Sean Mortenson / January 22, 2016

Baptism

What is baptism?

Baptism is a sign of initiation into God’s family. It is a ritual act where a person associates himself/herself with Christ, reinforcing the covenant of grace in which God grants salvation through the life, death, and resurrection of Jesus. It is a celebratory event and an act of personal confession that God has changed a person’s heart and called him/her to know, love, and follow Him.

Who should be baptized?

At Redemption Church we practice “believer’s baptism”. This means it is our conviction that baptism is appropriately administered only to those who give a thoughtful profession of faith in Jesus Christ. In other words, we believe that baptism should come after faith in Jesus, rather than before.

Why should a person be baptized?

We believe that baptism is ordained by the Lord Jesus, who Himself was baptized (Matthew 3:13-16). Before He ascended into heaven He commanded that those who would become His disciples be baptized (Matthew 28:19). This emphasis can be seen throughout the New Testament, a good example being Peter’s command at Pentecost: Now when they heard this they were cut to the heart, and said to Peter and the rest of the apostles, “Brothers, what shall we do?” And Peter said to them, “Repent and be baptized every one of you in the name of Jesus Christ for the forgiveness of your sins, and you will receive the gift of the Holy Spirit…” (Acts 2:37-38) Ultimately though, as an opportunity to publicly confess our faith in Christ, to affirm our submission to Him as Lord, and give glory to Him for what He has done in our lives, Christians should joyfully desire to take part baptism.

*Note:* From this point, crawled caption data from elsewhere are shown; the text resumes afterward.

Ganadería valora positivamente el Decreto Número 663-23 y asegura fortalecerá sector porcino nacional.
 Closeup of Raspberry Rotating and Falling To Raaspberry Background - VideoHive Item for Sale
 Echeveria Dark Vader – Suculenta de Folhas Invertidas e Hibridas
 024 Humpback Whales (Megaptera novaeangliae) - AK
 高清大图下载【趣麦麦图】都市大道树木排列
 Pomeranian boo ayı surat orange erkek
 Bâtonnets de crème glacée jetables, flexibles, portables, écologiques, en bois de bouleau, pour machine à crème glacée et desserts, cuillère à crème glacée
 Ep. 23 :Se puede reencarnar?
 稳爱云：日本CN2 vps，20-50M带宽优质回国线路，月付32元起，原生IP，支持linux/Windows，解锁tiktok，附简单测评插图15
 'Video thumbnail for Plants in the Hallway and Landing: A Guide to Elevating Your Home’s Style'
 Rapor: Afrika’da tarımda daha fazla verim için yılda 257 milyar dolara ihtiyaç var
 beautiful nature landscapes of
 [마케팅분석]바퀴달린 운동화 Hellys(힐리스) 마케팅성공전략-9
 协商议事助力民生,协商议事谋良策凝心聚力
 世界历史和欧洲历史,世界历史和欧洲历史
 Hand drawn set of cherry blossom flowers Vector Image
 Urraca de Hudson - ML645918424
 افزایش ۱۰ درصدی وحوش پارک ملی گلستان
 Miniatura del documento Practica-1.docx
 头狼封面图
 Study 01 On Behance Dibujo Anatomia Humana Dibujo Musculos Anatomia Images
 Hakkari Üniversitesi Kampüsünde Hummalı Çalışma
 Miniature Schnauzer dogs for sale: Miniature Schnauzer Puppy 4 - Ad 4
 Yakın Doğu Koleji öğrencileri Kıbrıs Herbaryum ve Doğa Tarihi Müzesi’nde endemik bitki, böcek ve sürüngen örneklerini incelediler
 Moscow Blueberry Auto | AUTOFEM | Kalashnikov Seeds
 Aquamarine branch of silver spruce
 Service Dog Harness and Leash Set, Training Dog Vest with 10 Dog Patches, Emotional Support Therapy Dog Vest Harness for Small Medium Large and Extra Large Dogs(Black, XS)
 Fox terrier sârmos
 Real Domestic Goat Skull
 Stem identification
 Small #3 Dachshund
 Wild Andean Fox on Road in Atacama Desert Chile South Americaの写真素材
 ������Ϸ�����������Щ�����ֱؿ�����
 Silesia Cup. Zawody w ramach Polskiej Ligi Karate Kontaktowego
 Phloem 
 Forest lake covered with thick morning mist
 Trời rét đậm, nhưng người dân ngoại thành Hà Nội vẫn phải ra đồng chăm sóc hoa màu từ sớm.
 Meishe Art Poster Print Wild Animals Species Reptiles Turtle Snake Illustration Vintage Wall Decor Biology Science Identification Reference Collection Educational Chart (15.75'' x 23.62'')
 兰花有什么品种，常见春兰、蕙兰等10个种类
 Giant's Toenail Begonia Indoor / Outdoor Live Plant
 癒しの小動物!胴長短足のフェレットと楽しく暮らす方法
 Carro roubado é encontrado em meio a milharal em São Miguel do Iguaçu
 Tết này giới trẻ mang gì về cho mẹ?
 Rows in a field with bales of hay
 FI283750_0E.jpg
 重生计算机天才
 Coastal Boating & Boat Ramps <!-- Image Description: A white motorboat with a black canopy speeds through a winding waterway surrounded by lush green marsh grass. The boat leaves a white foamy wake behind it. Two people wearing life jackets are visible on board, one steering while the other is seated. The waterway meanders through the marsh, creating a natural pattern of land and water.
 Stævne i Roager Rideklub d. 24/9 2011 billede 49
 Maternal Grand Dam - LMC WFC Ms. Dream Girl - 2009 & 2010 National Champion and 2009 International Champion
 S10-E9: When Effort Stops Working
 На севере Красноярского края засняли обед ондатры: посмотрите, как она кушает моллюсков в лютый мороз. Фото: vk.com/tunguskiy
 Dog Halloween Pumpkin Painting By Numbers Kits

How should baptisms be performed?

We believe full immersion in water is the form of baptism that is most faithful to Scripture and, subsequently, the original intent of the act. The Greek word used for baptism in the New Testament means to plunge, dip, or immerse in water. This word was used, for example, to explain such things as the sinking of a ship that had been submerged in water. In addition, John the Baptist immersed people in water (Mark 1:5), selecting the Jordan River as the place for conducting his baptisms because there was plenty of water (John 3:23). When Jesus was baptized He was immersed in water (Mark 1:10). We also see in examples in Scripture like the Ethiopian eunuch, whom Philip baptized by immersing him in water (Acts 8:34–39).

Perhaps more importantly, Scripture teaches us that baptism is a tangible representation of the Gospel. The act of being submerged in water and emerging from it again in symbolic cleanliness (the forgiveness of one’s sins having already been secured) is an act of association with the death, burial and resurrection of Jesus Christ (Romans 6:1–10; Colossians 2:12). Baptism by sprinkling of water, for example, loses some of this meaning.

Is baptism necessary for salvation?

No. Salvation is a gift given by God and is obtained by grace, through faith in Jesus Christ. He has done the work of our salvation and there is nothing we can do to earn it, pay it back, or lose it (Ephesians 2:1-10). Therefore, the act of baptism has no saving power in itself, nor can its absence prevent salvation. A good example of this truth can be seen in the thief who died on the cross next to Jesus. He was promised by our Lord that, “Today you will be with me in paradise,” though he had not been baptized (Luke 23:43).